Research & Creative Activity

Indiana University

Office of Research and the University Graduate School
Volume XVII, Number 1, April 1994

Remembering Voices

"Train."

Hmm, was that Jill's voice? You press the key under her name and check the computer screen.

MARY, says the screen.

Darn, you keep getting Jill and Mary confused. But no time for regrets, because here comes the next word over the headphones.

"Quart," you hear in your earphones.

Tom, definitely Tom. His voice is so deep he could sing bass in a barbershop quartet. You press his name.

TOM, says the screen.

Yes! Now go for two in a row.

"------," the next voice says. You don't even recognize the actual word because you're concentrating so hard on the sound, and you're sure it's Carol because her voice sounds a little like an old friend from high school.

KAREN, says the screen.

Argh, you were sure that was Carol. Maybe that is why you are not friends anymore, because she talked so much you never paid any attention to what she said.

You wait for the next word. But no more words are forth-coming, which means that your first day as a subject in David Pisoni's and Lynne Nygaard's word recognition experiment has drawn to a close.

Pisoni, professor of psychology and cognitive science and director of Indiana University's Speech Research Laboratory, is one of the nation's foremost authorities on spoken language processing. "We are interested in how people perceive and comprehend spoken language," says Pisoni in his own distinctive New York accent. "This involves everything from the perception of phonemes [the sounds of a particular language] and syllables to word recognition, to what we call lexical access, or how people locate and retrieve the sound and meanings of words in memory, to sentence comprehension and spoken language understanding."

In some of his most recent experiments, like the one depicted above, Pisoni and his two colleagues, Nygaard and Mitch Sommers, a former postdoctoral student, have been trying to determine how a speaker's voice affects what is perceived by the listener and stored in memory.

"About two years ago we began to look in some detail at what you remember about a person's voice," Pisoni says. "This is a new direction because most of the research that has been done in speech perception the last forty years has not been concerned in any way with the individual characteristics of a speaker's voice."

Subjects in the experiment (usually undergraduates from introductory psychology courses) were trained over a period of ten days to recognize ten different voices, five male and five female. On the final day, subjects heard a brand new series of words uttered by the same ten speakers to see whether they could identify the speaker's voice from novel utterances. Indeed they could, Pisoni and his colleagues found. He also found that when new words were presented amidst background noise, they were much more intelligible if they were spoken by one of the ten familiar voices than by an unfamiliar voice.

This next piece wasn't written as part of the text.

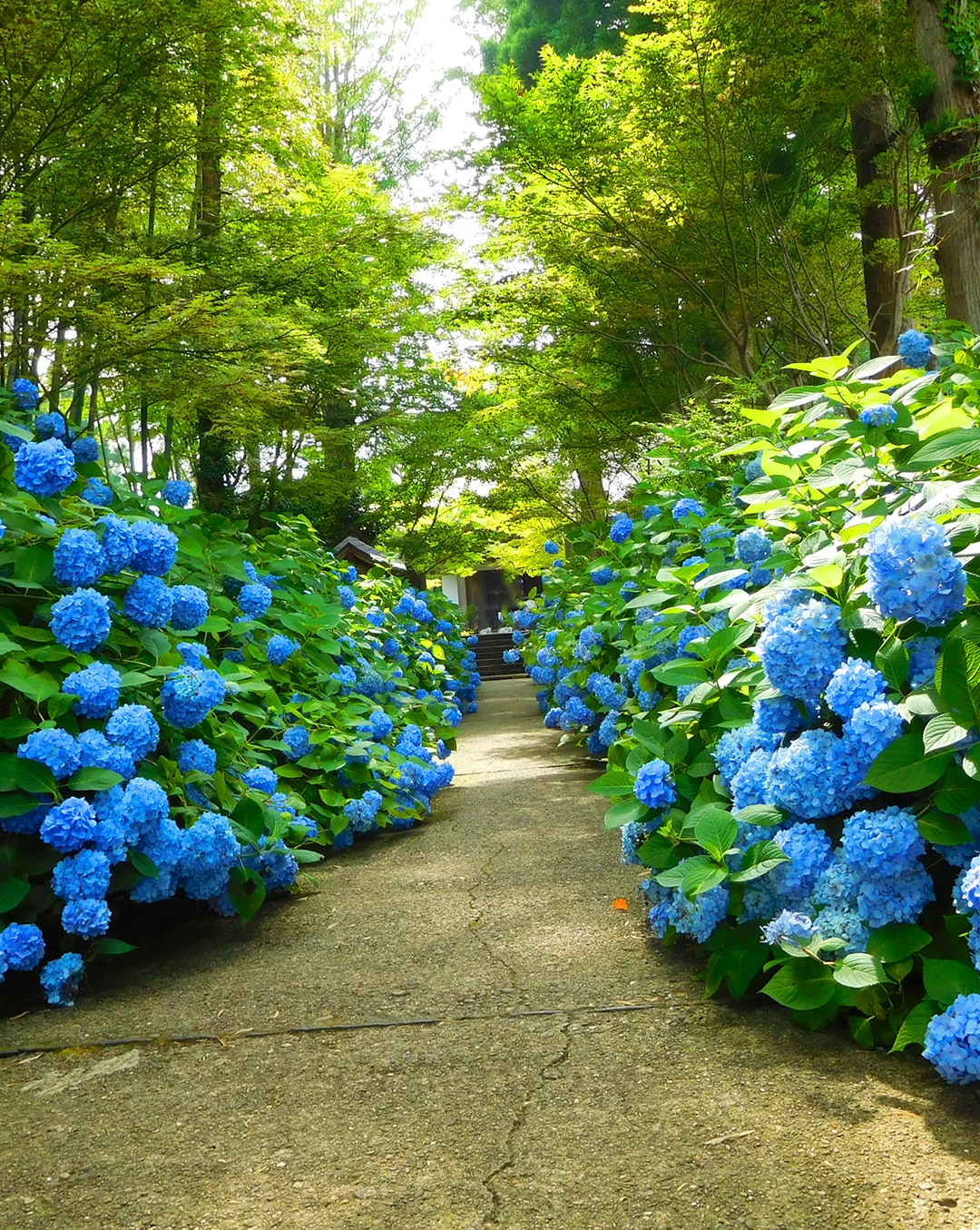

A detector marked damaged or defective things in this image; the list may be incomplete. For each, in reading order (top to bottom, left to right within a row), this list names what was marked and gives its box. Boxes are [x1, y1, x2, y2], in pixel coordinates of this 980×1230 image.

cracked concrete pavement [2, 678, 978, 1225]
crack in pavement [476, 1013, 570, 1225]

"These findings provide the first demonstration," write Pisoni and his colleagues, "that exposure to a talker's voice facilitates perceptual processing of the phonetic content of that speaker's novel utterances." This makes sense when you think about listening to, say, a new friend from Thailand. At first you might have trouble understanding some of the words. Eventually, though, you become familiar with the accent, and perception becomes much easier.

Pisoni believes that recognizing voices involves a type of memory called "procedural memory," or memory about how to do something. "This is a form of learning that is analogous to learning how to play an instrument, say a piano, or how to drive a car," he says. Except the car is someone else's voice, and instead of learning to press the gas pedal and turn the wheel, you are learning--in an unconscious way--to extract words from the flow of sound.

Along with computational procedures, Pisoni believes that you store other kinds of exquisitely detailed information about voices in memory: pitch, speaking rate, dialect, gender, emotional state, and other quirks and nuances. These so-called "indexical" or "personal" properties of speech are what help you recognize distinctive individuals speaking, as opposed to voices in the abstract. "This is what makes you Mark and me Dave," he says, "as opposed to you being a male talker and me being a male talker, or me being from New York and you being from the Midwest."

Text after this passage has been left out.